我12歲出家,在老家的寺院。 17歲到色拉寺。在色拉寺的吉扎倉,待了10年。
2008年3月10日,色拉寺的五位僧人,在大昭寺前面喊“大賴喇嘛萬歲!”“西藏獨立!”“讓達賴喇嘛回家!”後來,這五個人都被抓了。現在,大部分都判了刑。只有一個十七歲的沒有判,還在被關押,等年齡夠了再判。
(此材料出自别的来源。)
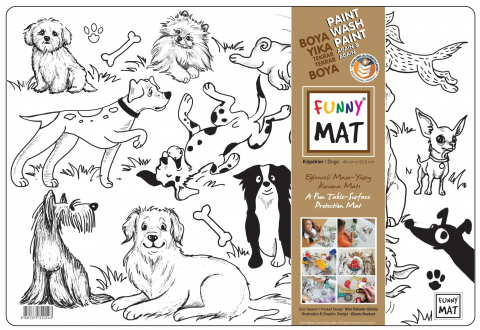 Produse art & craft-Lucru manual - Plansa reutilizabila Funny Mat pentru colorat model Catelusi,48x33.5 cm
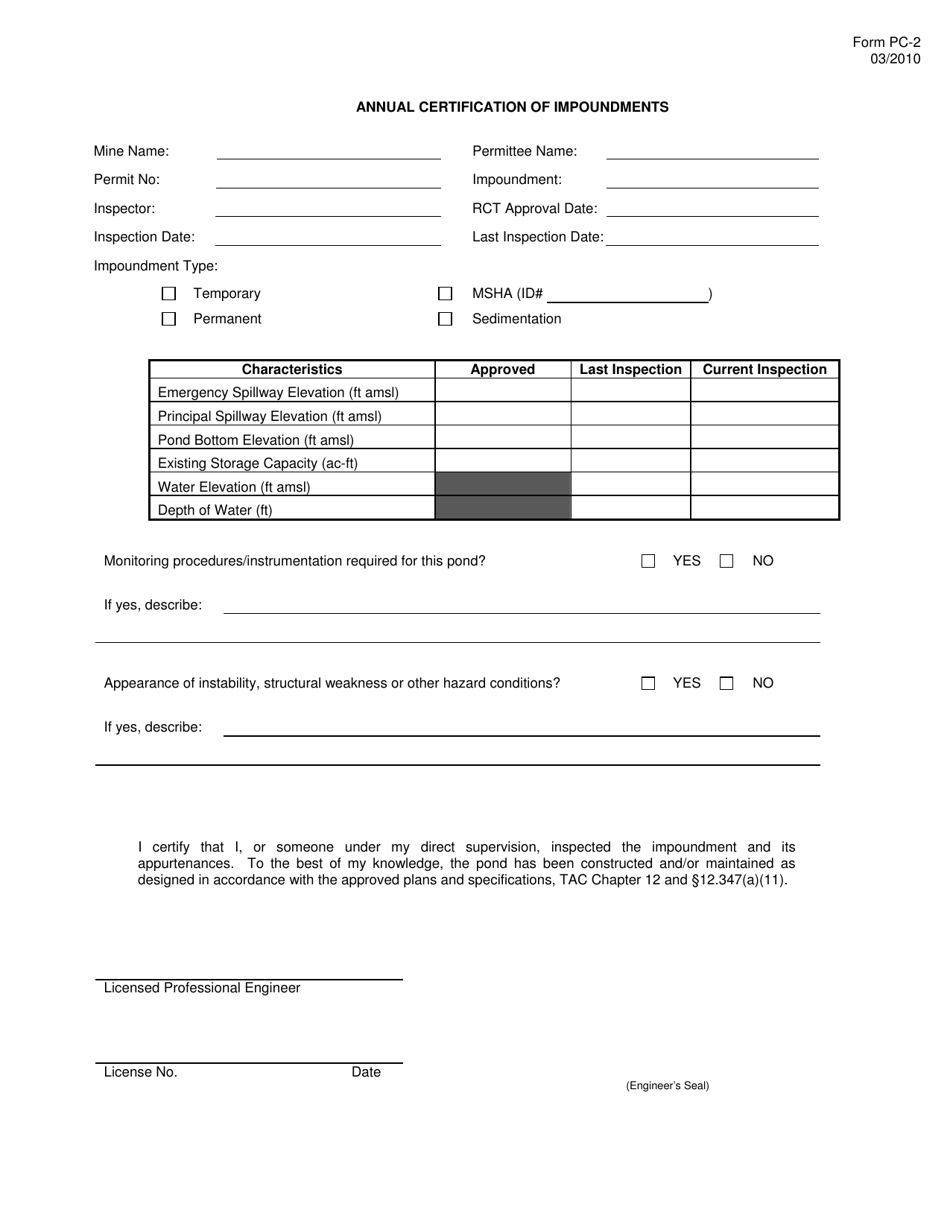 Form PC-2 Annual Certification of Impoundments - Texas, Page 1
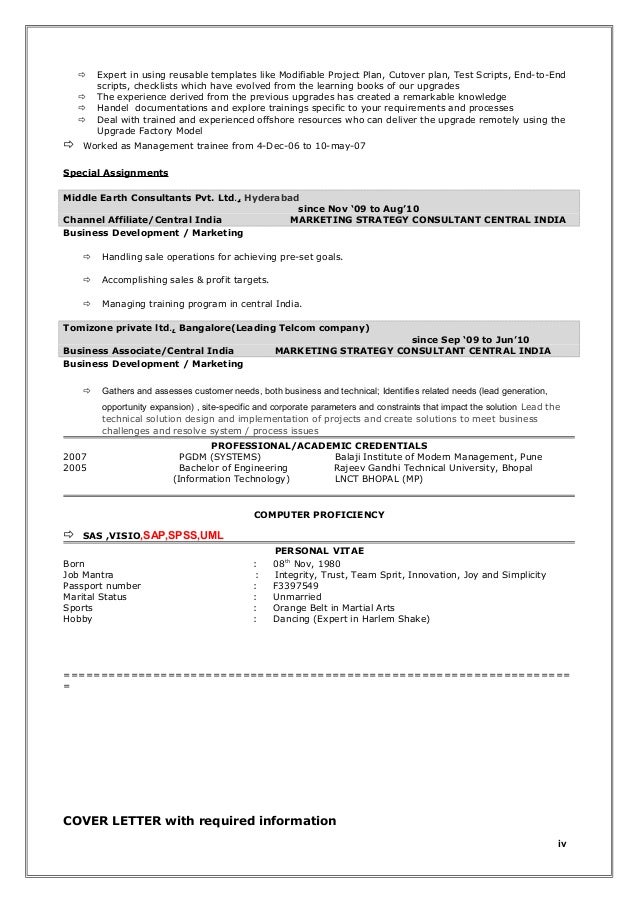 Resume for pre sales consultant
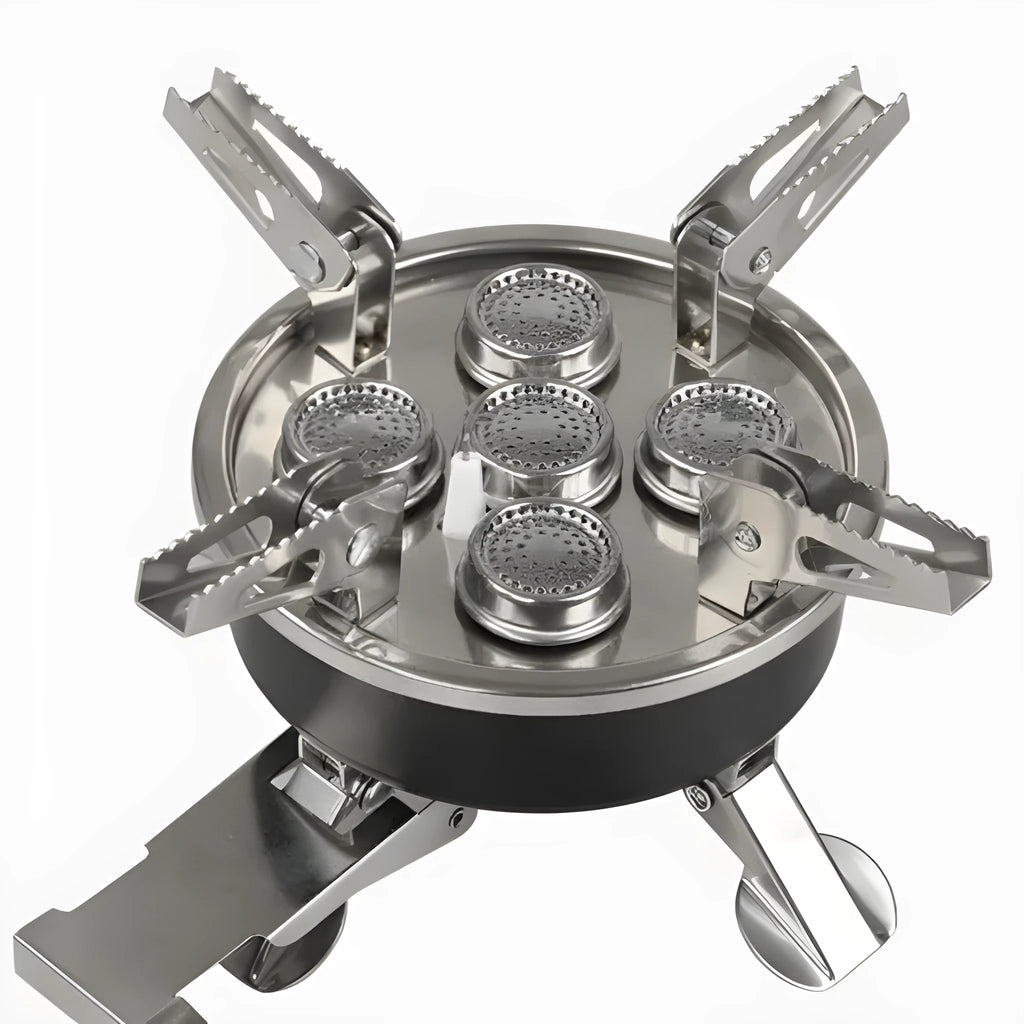Silver portable split gas stove with foldable design and 100cm hose for 3-5 person outdoor cooking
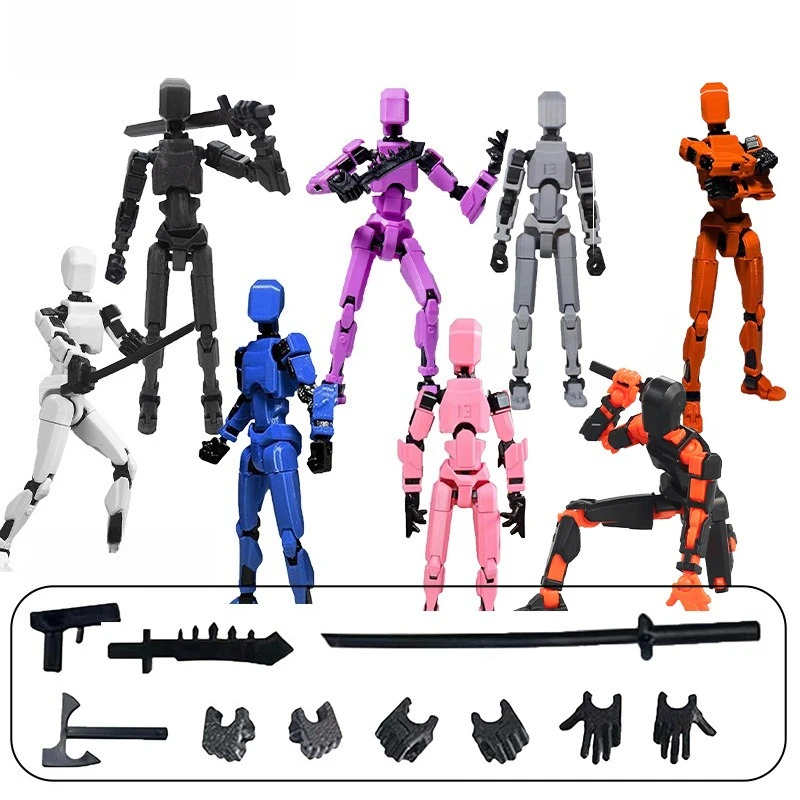 

Lucky Joint Movable Doll T13 Doll Toy 3D Printing 3rd Generation Dummy Doll DIY Radish Man Building Block Stress Reliever Toys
2008年,3月11日,我們到色拉寺前面的派出所,要求釋放被抓的僧人。有200人左右。我們是跑過去的。到派出所前面時,有10幾個武警,他們放毒氣,冒白煙的那種,呼吸時,嗓子疼得厲害,眼睛什麼都看不見。一個開飯館的藏人拿了很多的水灑在我們身上,衣服濕了後,放在臉上時比較舒服,有一點點能看得見,大部分僧人都倒下了。我們那時主要喊;“釋放被抓起來無辜僧人!”“他們是冤枉的!”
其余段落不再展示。